In an in vivo experiment using urokinase-type plasminogen activator (uPA+/-) transgenic mice crossed with RAG-2-/-/perforin-/- mice lacking mature T, B, and NK cells, the injection of human-hepatocyte-transplanted mice with the myristoylated preS1 peptide (aa 2-48) efficiently prevented HBV infection[43]. The results of a recent phase IIa trial of the myristoylated preS1 lipopeptide (aa 2-48) are available from the company website (http://www.hepatera.ru//node/53?ln=en).
In the preS1 sequence at aa 2-48 of genotype D, the region defined by residues 2-18 is essential for the inhibition of HBV infection, whereas the aa 19-48 region has no or little effect on this inhibition[12,41,42]. A deletion or mutation between residues 2 and 18 dramatically reduces the efficiency of inhibition of HBV infection[6,42]. Recently, a modified myristoylated preS1 peptide aa 2-19 showed significantly higher affinity for HepG2 and HuH-7 cells than two unmodified myristoylated peptides derived from preS1 aa 2-19 of genotypes A-D[44]. However, the palmitoylated preS1 sequence aa 11-31 of genotype C, which corresponds to sequence aa 1-19 of genotype D, potentially inhibits HBV infection[45] (Figure 2B).
Several preS1-binding peptides obtained from a phage display library have been developed to inhibit HBV infection[46-49]. Theoretically, they block the binding of the HBV preS1 domain to target cells.
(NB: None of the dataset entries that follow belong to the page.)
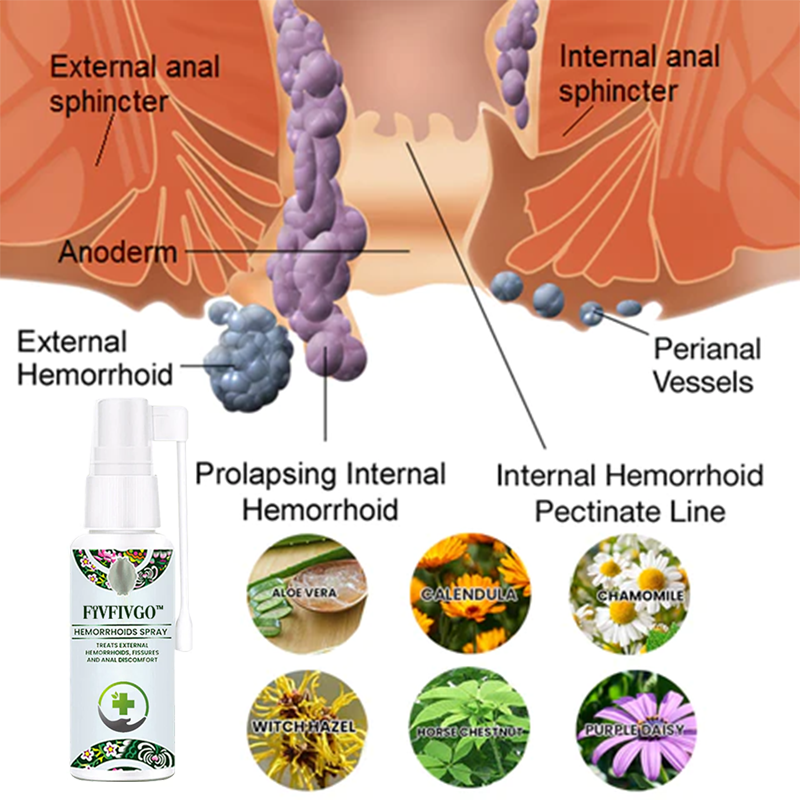 Fivfivgo™ Herbal Hemorrhoid Spray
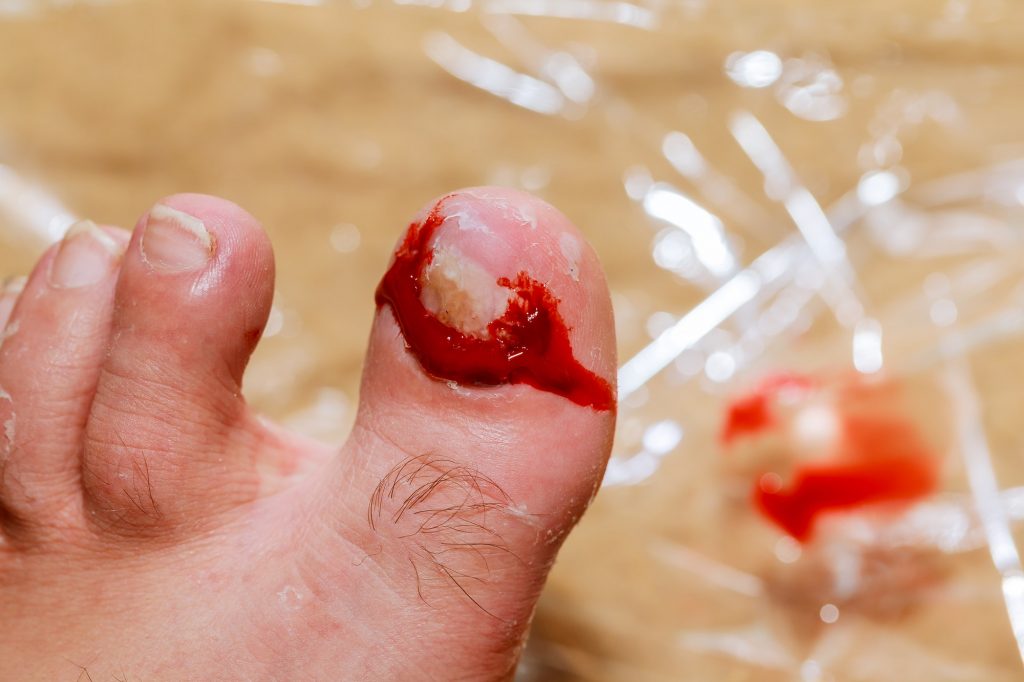 Leg injury torn nail blood Bruise on toe nail on right foot man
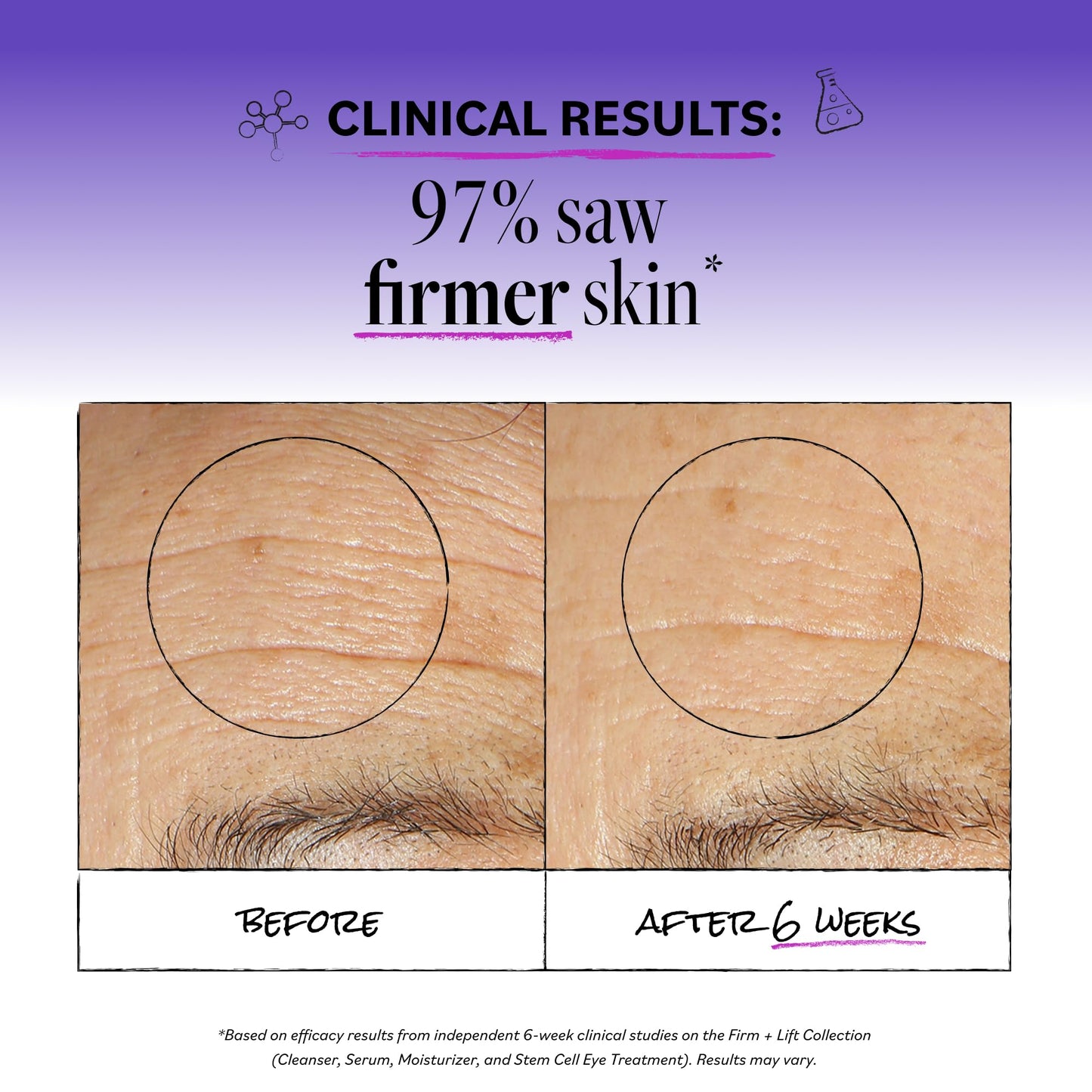 DERMA E Ultra Lift DMAE Concentrated Serum - All Natural Skin Firming Serum - Hydrating Serum with Copper Peptides and Resveratrol - Concentrated Beauty & Personal Care Derma E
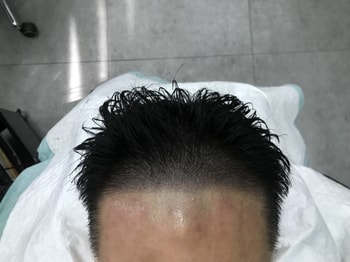 애프터1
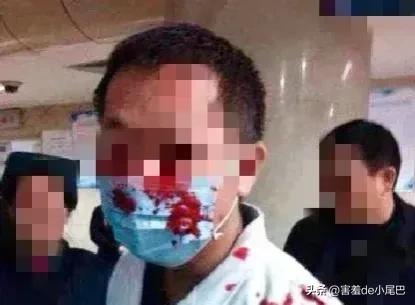 妹子怀孕做b超,女子怀孕却被做手术后续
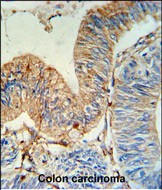 Rabbit Polyclonal Antibody to HLA-DRA (N-term)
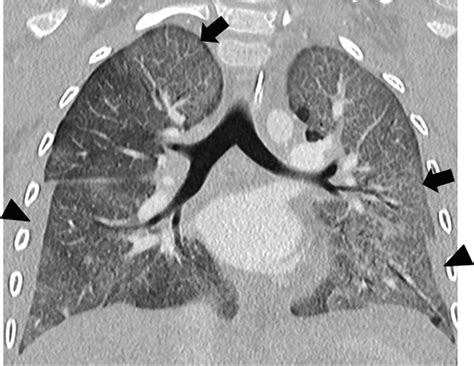 Pneumocystis Jiroveci Pneumonia In A 6 Year Old Male With Acute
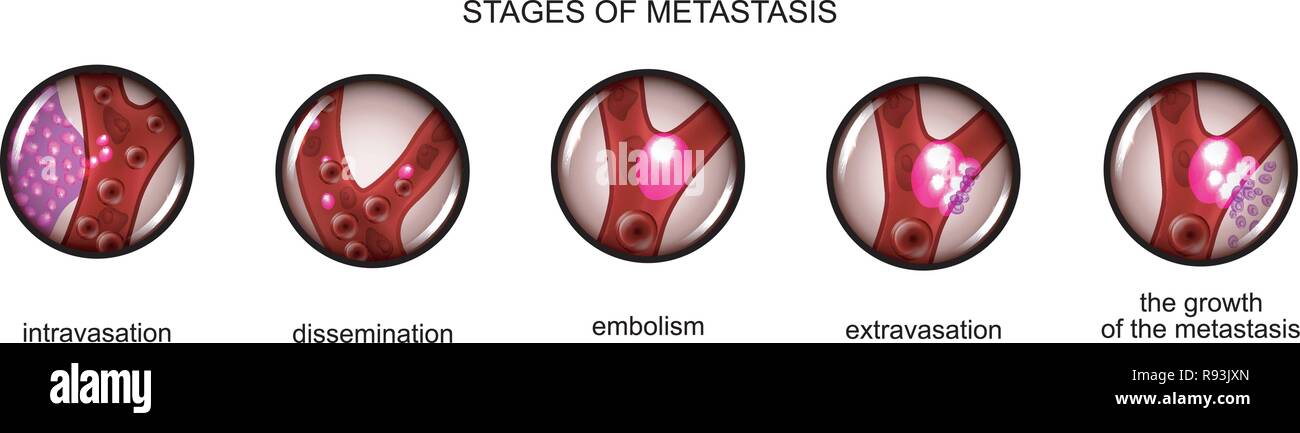 Vector Illustration der Stufe der Metastasierung von Krebszellen Stock Vektor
However, there are very few in vitro or in vivo data regarding their efficiency in inhibiting HBV infection, other than a recent study in which two preS1-binding peptides (LKKKW and LRNIR) inhibited HBV attachment to HepG2 cells[49].
PreS-RELATED ANTIBODIES AND ANTIGENS AS A DIAGNOSTIC TARGET OF HBV
The levels of serum HBV-related antibodies and antigens, HBV DNA, and aminotransferases (e.g., alanine aminotransferase and aspartate aminotransferase) are commonly assayed for the diagnosis of acute and chronic HBV infections[1,3,4].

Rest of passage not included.